In Phase 3 of the SSP, we had to address a topic as a team in an interdisciplinary, intercultural and international environment. Among the four team projects proposed, I chose the one that involved a relatively new concept: spaceports. This project aimed at developing a progressive network of spaceports to facilitate exploration and commercial activity in space. The network banks on the most financially competitive resources (i.e. in situ resources to produce propellant, energy and materials). After numerous iterations and several hours dedicated to the many stages of this project, our 30-person team successfully submitted various deliverables, including a letter of intent, final report, project brief and presentation. This was a concrete example of international cooperation in the space sector.
In addition to the program’s three academic phases, several optional activities were offered.

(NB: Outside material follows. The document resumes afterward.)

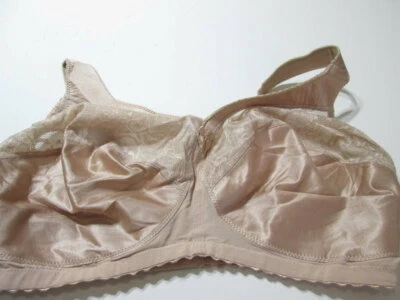 Sujetador Glamorise Talla 38H Beige Inalámbrico Sin Forro Correas Ajustables Encaje Lencería Foto 1 de 4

These enabled us to learn more about many topics of interest (optional conferences), take part in professional visits or network with invited guests (participants, speakers and former students). Cultural evenings were not only an opportunity to socialize and have fun, they also taught us more about the countries other participants came from. Finally, I will never forget witnessing firsthand the launch of space missions Atlas V and Delta IV Heavy from the deck of NASA’s Operations Support Building. What an incredible privilege afforded to us!
The experience I acquired and the professional contacts I made during the 2012 SSP will not only have a positive impact on my master’s studies in Aerospace Engineering, but also on my professional development.
Don’t forget that the ISU will soon be coming to ÉTS. In fact, ÉTS and HEC Montréal will be hosting the 2014 SSP next summer!